### DATASET SECTION
------

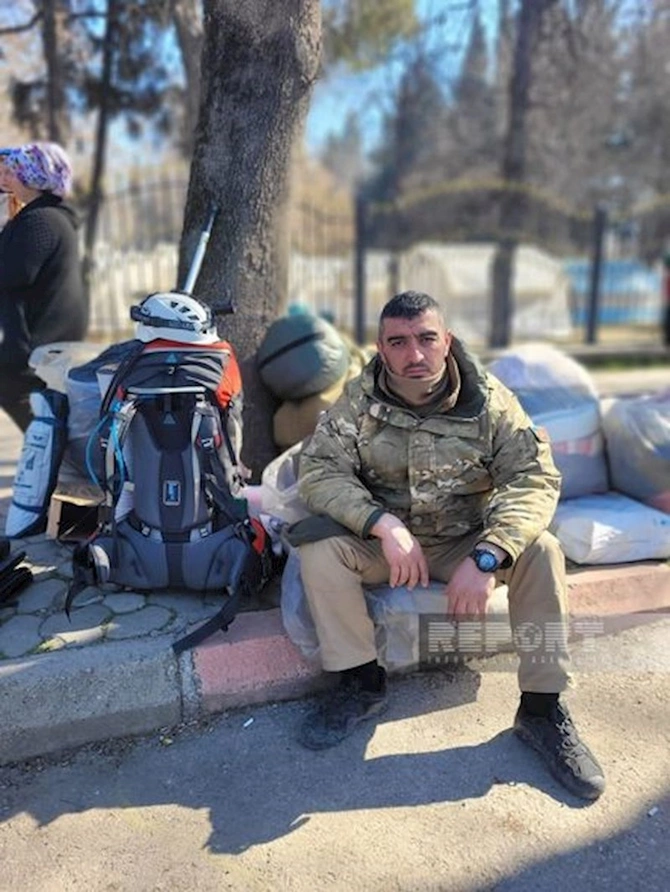 Azərbaycan qaziləri könüllü şəkildə Türkiyəyə yardıma gediblər — FOTO Azərbaycan qaziləri könüllü şəkildə Türkiyəyə yardıma gediblər — FOTO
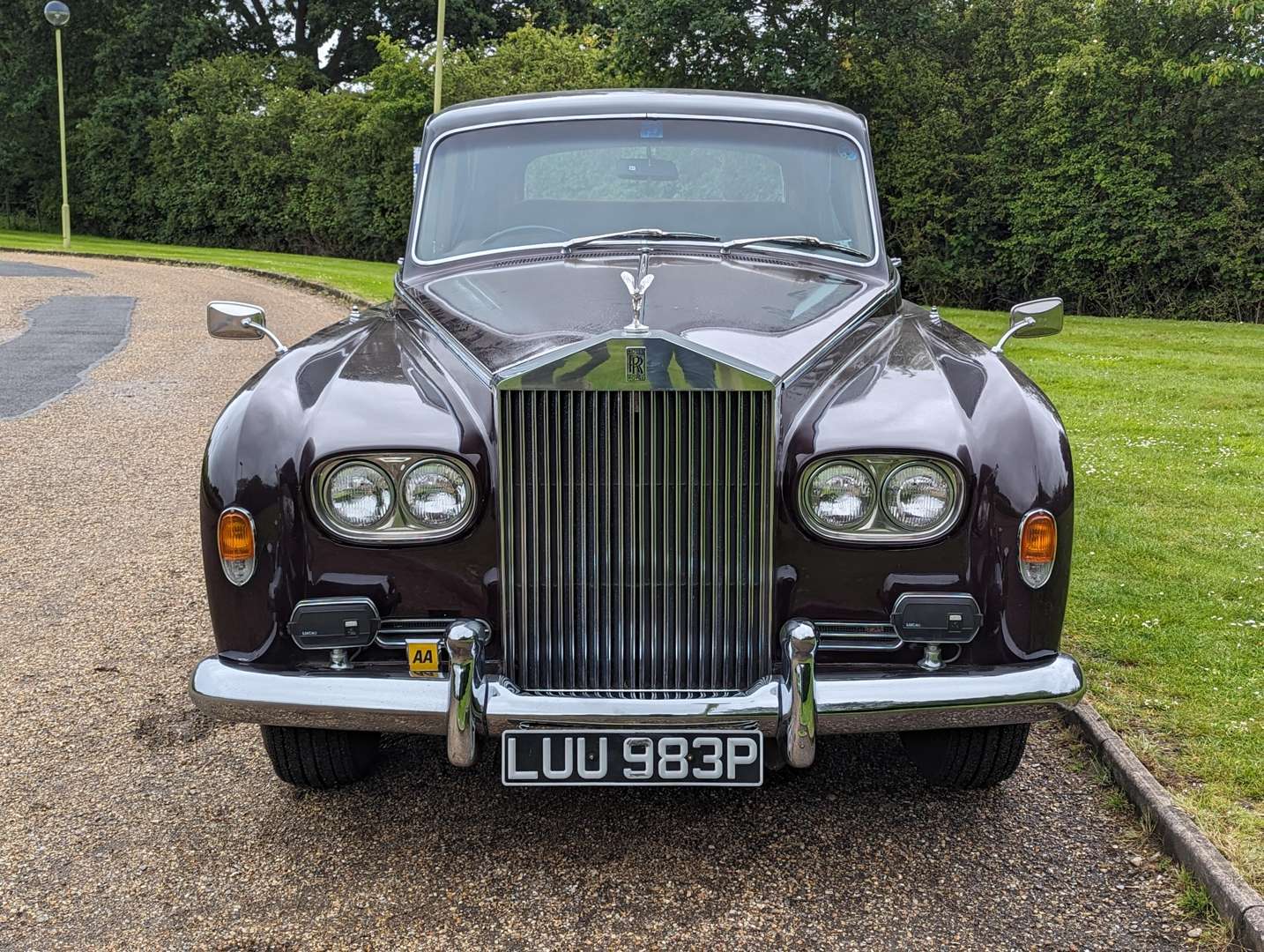 <p>1976 ROLLS ROYCE PHANTOM VI</p>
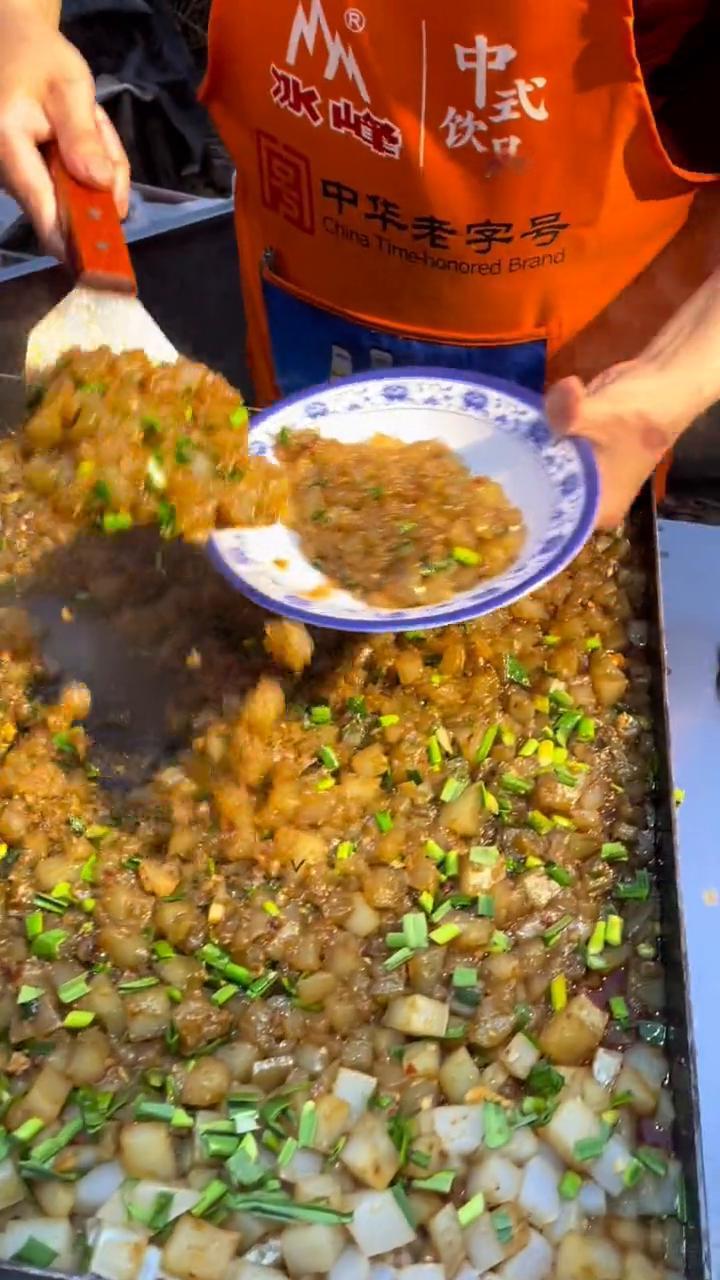 给郑州一二十年了，也没见过郑州这带劲的地方。这今才发现，才发现郑州这敞亮的地方就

------

### YOUR GOAL
Write the data above out again exactly, every line of it, and exclude the pictures.

### RESPONSE AREA
 Azərbaycan qaziləri könüllü şəkildə Türkiyəyə yardıma gediblər — FOTO Azərbaycan qaziləri könüllü şəkildə Türkiyəyə yardıma gediblər — FOTO
 <p>1976 ROLLS ROYCE PHANTOM VI</p>
 给郑州一二十年了，也没见过郑州这带劲的地方。这今才发现，才发现郑州这敞亮的地方就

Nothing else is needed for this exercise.